3. Window Aggregations
Enable Window Aggregations if you need calculations over a specific window or subset within your data. Define the window using the From and To options:
From:
First Row: Includes all rows from the start of the partition.
Current Row: Refers only to the current row.
Row Above: Includes a specified number of rows above the current row.
Row Below: Includes a specified number of rows below the current row.
Last Row: Includes all rows to the end of the partition.
4. Aggregations
To add a calculation or aggregation:
Click the + button under Aggregations.
Choose a field or use an expression from the Argument dropdown.
Select an aggregation function suitable for your data type (e.g., SUM, COUNT, AVG) and assign a new field name if desired.
To add additional aggregations, click the + button again and repeat the configuration.

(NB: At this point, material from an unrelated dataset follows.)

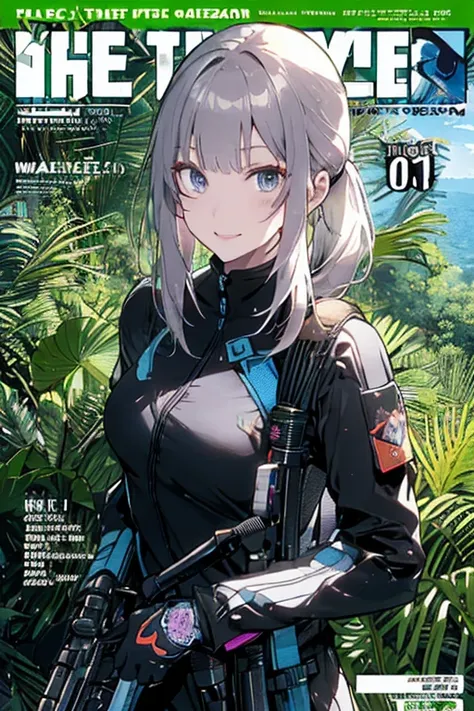 (best quality ), a girl have one rifle with her hand , Platinum color hair , The dreamer wants purplish blue eyes , medium , Lori will do it, (masterpiece:1.2, best quality ), (Beautiful detailed depiction : 1.2), ( beautiful detailed face ), ( small Breas...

To remove an aggregation, use the trash can icon next to the aggregation.
Aggregation Functions
Aggregation Function | Description |
COUNT | Returns the total number of rows in a group or table. |
COUNT DISTINCT | Returns the number of unique values within a column or set of columns. |
MIN | Finds the minimum value in a column. |
MAX | Finds the maximum value in a column. |
AVG | Calculates the average value for numeric columns. |
SUM | Adds up all numeric values in a column. |
STDDEV | Returns the standard deviation of numeric values. |
VAR | Calculates the variance of numeric values. |
MEDIAN | Finds the middle value in an ordered numeric column; averages if even. |
CONCAT | Concatenates multiple strings together. |
CONCAT DISTINCT | Concatenates unique string values. |
FIRST | Retrieves the first value in a column. |
LAST | Retrieves the last value in a column. |